Unsafe: removing the monitorEnter/monitorExit/tryMonitorEnter methods
John Rose
john.r.rose at oracle.com
Fri Feb 28 21:11:00 UTC 2014
On Feb 28, 2014, at 1:38 AM, Paul Sandoz <paul.sandoz at oracle.com> wrote:
>> But chances are, the day after I take it off, I will need it.
>>
>> tryMonitorEnter() does no harm and it is out of reach of most programmers.
>>
>
> I think your analogy to a spare wheel is misleading. Continuing with the car theme i liken this feature to a pair of fluffy dice dangling from the rear view mirror [1]: distracting; mostly useless; and mostly harmless.
The dice in your analogy are *too* useless; nobody can prove tryLock or isLocked useless, just in bad taste.
It's more like a spare tire, maybe just for snow, which is really hard to access, as in "break glass in case of emergency".
I threw it in, way back when, knowing the operation is portable and natural, and expected that folks would break the glass if they needed it. Despite the barrier to entry, a couple folks did.
> All the data so far indicates this is legacy code [2].

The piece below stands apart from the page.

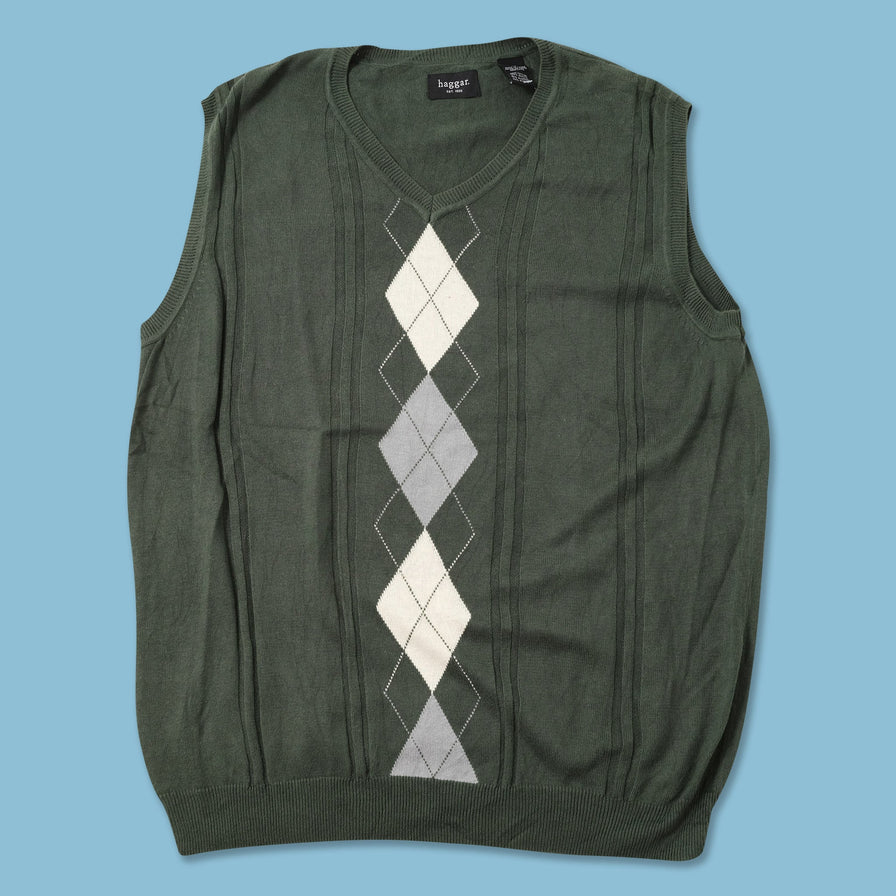 Argyle Knit Vest Large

I think the j.u.c library removed most needs to break the glass (connect to Unsafe). The users went to the standard API, and JVM native object monitors went out of fashion.
But we are not ready to deprecate them, maybe never, so we should consider whether they need additional modernizations like tryLock or isLocked.

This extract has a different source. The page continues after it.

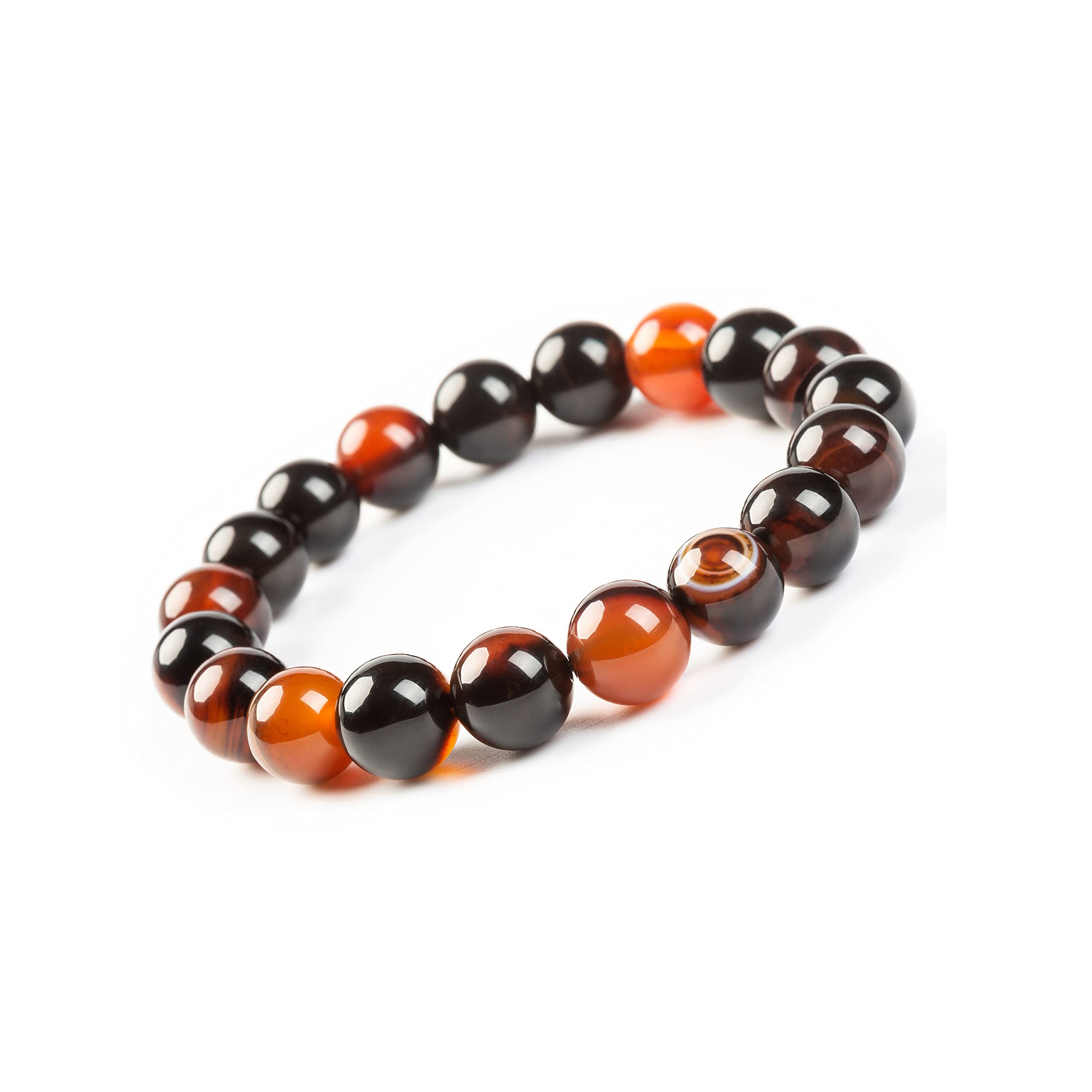 Natural Stretch Gemstone Crystal Bead Bracelet - Healing Tiger Eye Stone Beaded Bracelet for Women & Men | Unisex Spiritual Jewelry Gift for Meditation, Yoga & Positive Energy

> My suggestion, if you consider it important enough, is to write and circulate a draft JEP for such a public API [3].
I second Paul's suggestion here. If you like it, buy the unlocked version! The cost includes working the JEP process, and persuading someone to engineer it.
Since JMM++ is proposing some.field.volatile.readVolatile(), can someObject.synchronized.isLocked() be far behind? (OK, ugly bikeshed; System.getObjectMonitor(someObject).isLocked().)
Part of the cost of working the JEP conversation will be convincing people that the proposed APIs cannot be subverted somehow or will somehow lead the unwary to write bad code. The Unsafe API sidesteps such conversations. Maybe that is its permanent niche: A locker to store those power tools which we can't figure out how to make safely usable by everybody.
(Yes, I used "permanent" and "sun.misc.Unsafe" in a single thought, along with "maybe". But let's try to wean ourselves away from it, at least bit by bit.)